Copy out the full data exactly as given; pictures should not be included.
** Opening Provided information block **
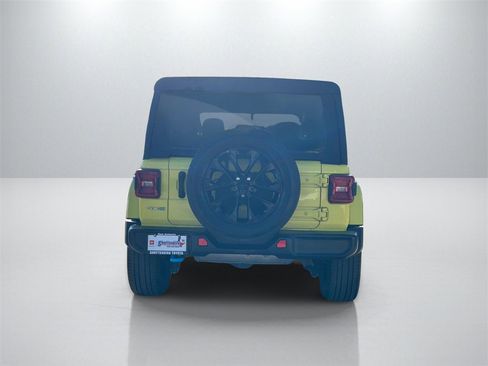 Used 2022 Jeep Wrangler Unlimited Sahara image 6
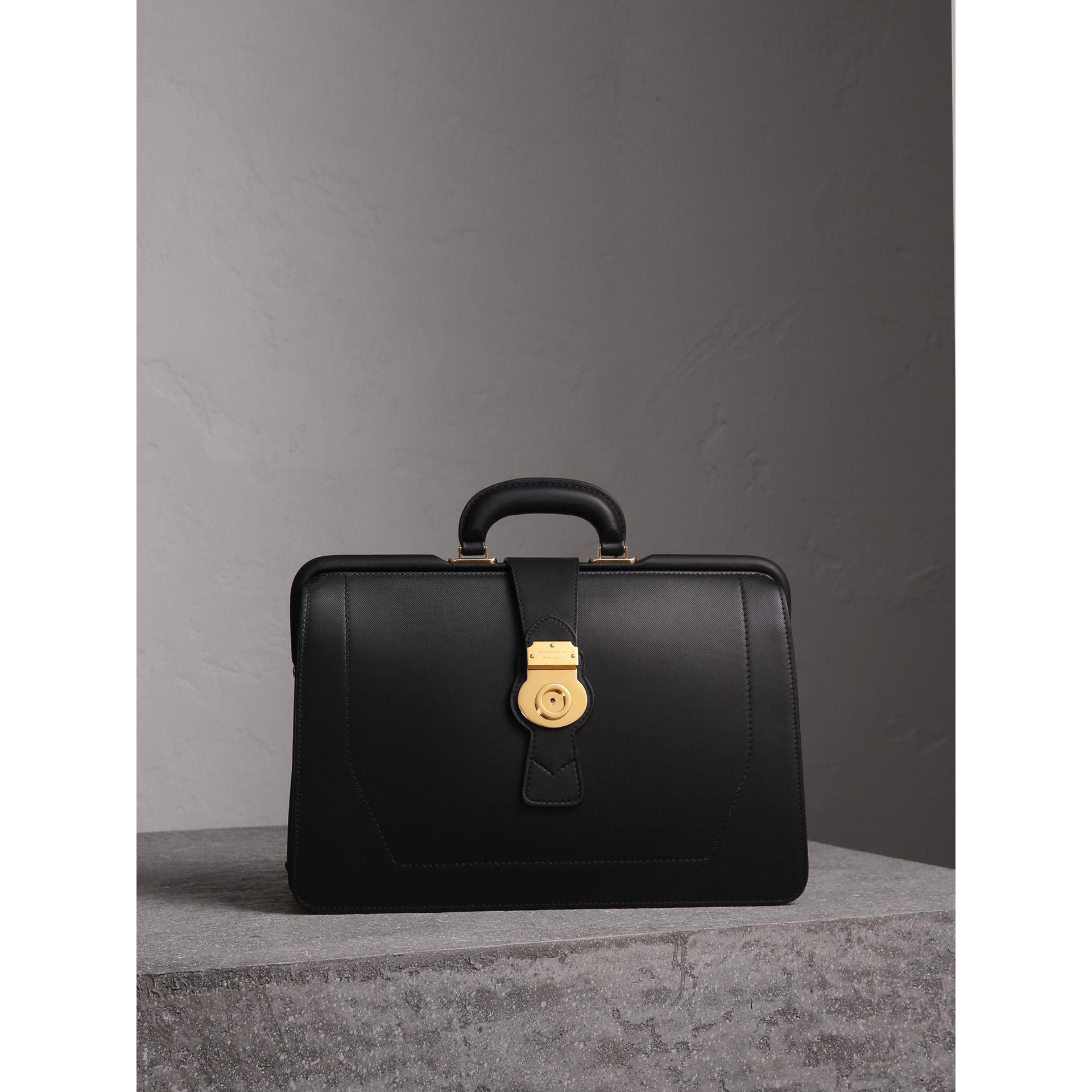 Burberry Leather The Dk88 Doctor's Bag in Black/Black (Black) for Men |  Lyst UK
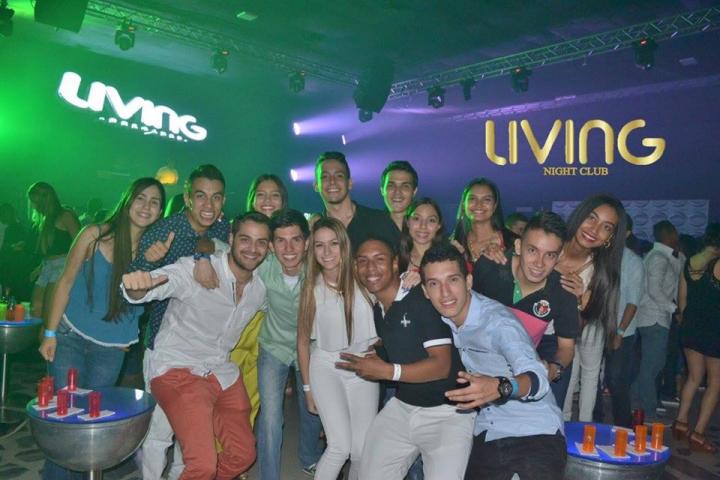 Foto 21 de Living Night Club - 2do/3er fds Junio en Living Night Club, Cali
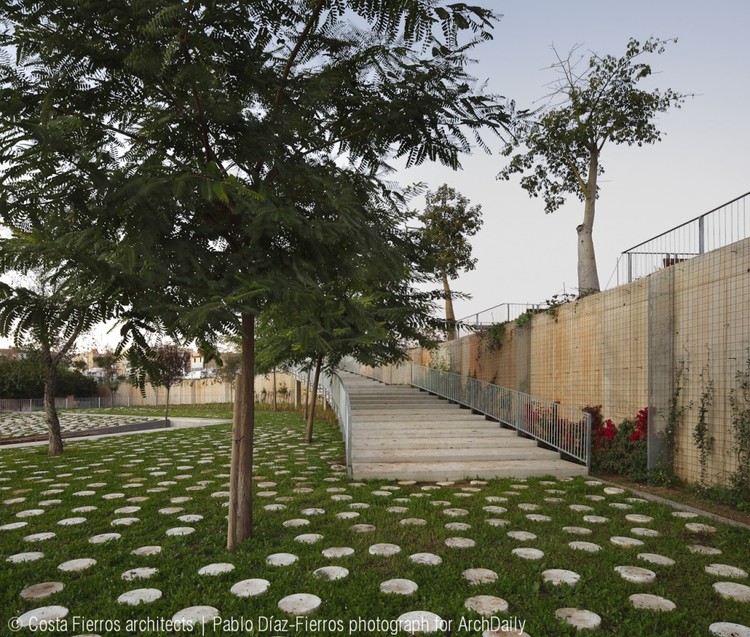Music Park in Sevilla / Costa Fierros Arquitectos - More Images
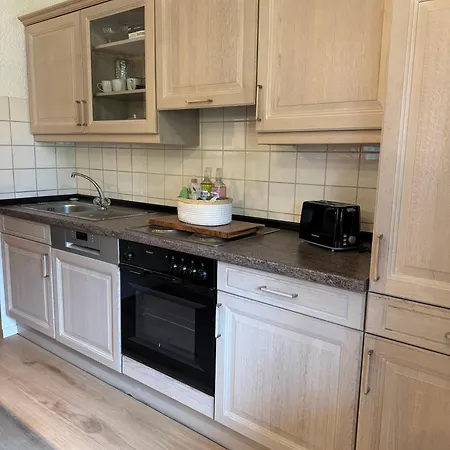 Und Fricke 아파트호텔 Calden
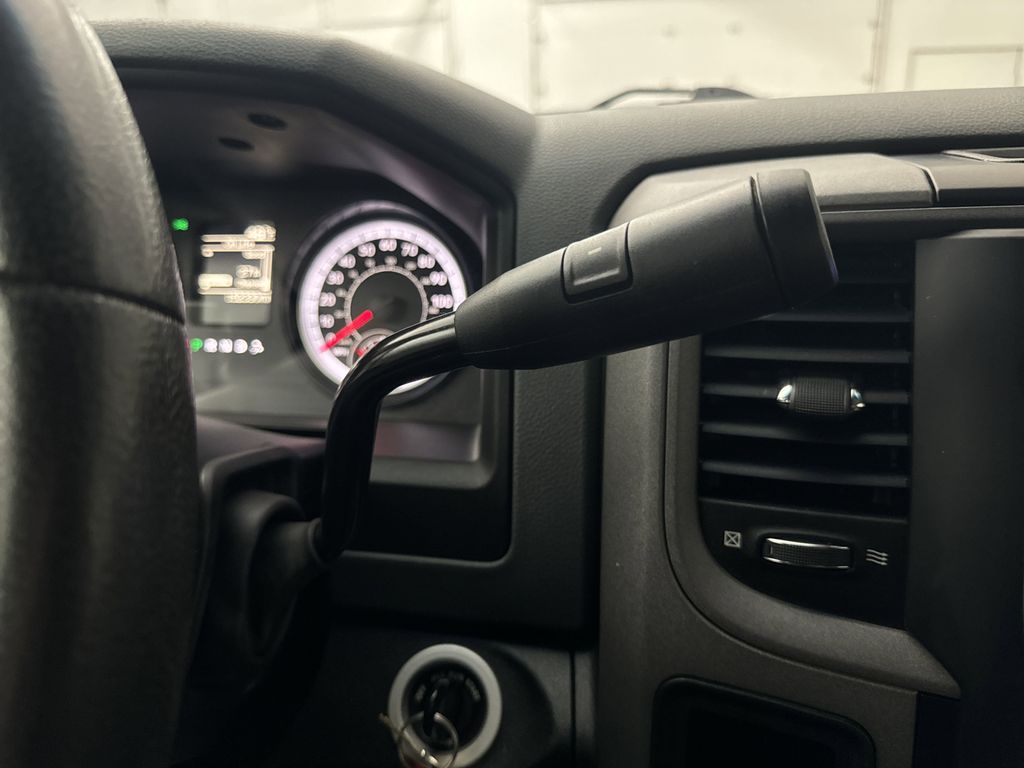 2018 Ram 3500 Tradesman SLT photo 13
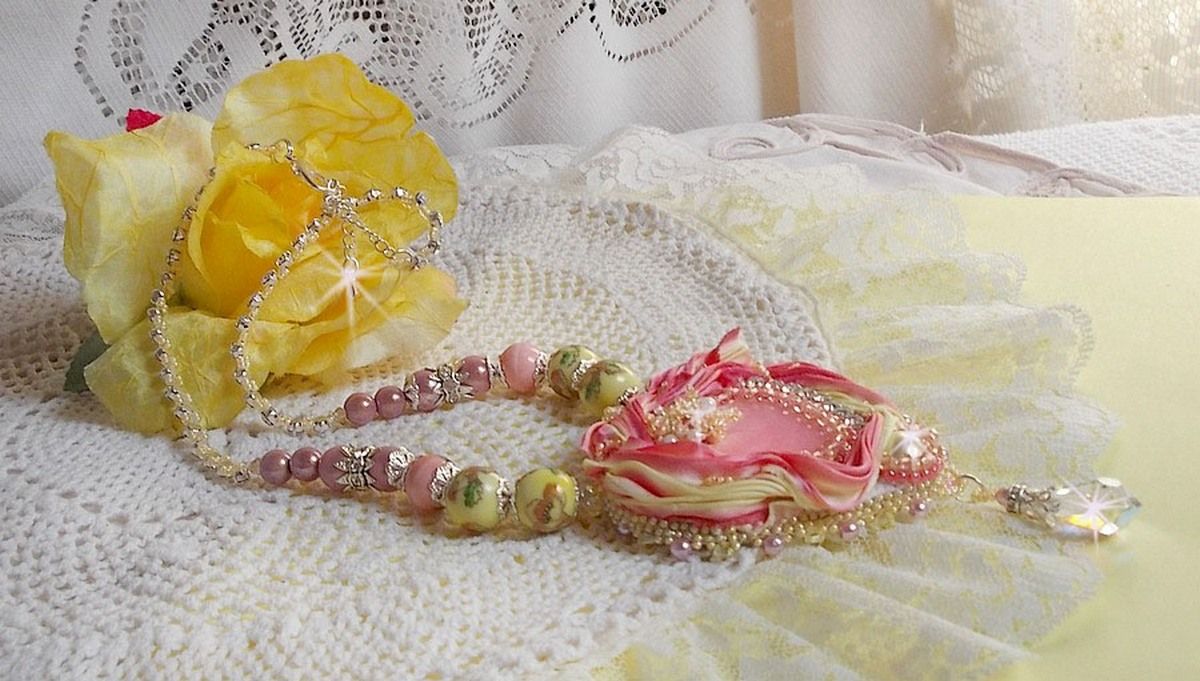 Collana Tender Heart ricamata con nastro di seta rosa e giallo, perline di ceramica, cristalli Swarovski e perline di seme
** Closing Provided information block **
Written solution:
 Used 2022 Jeep Wrangler Unlimited Sahara image 6
 Burberry Leather The Dk88 Doctor's Bag in Black/Black (Black) for Men |  Lyst UK
 Foto 21 de Living Night Club - 2do/3er fds Junio en Living Night Club, Cali
Music Park in Sevilla / Costa Fierros Arquitectos - More Images
 Und Fricke 아파트호텔 Calden
 2018 Ram 3500 Tradesman SLT photo 13
 Collana Tender Heart ricamata con nastro di seta rosa e giallo, perline di ceramica, cristalli Swarovski e perline di seme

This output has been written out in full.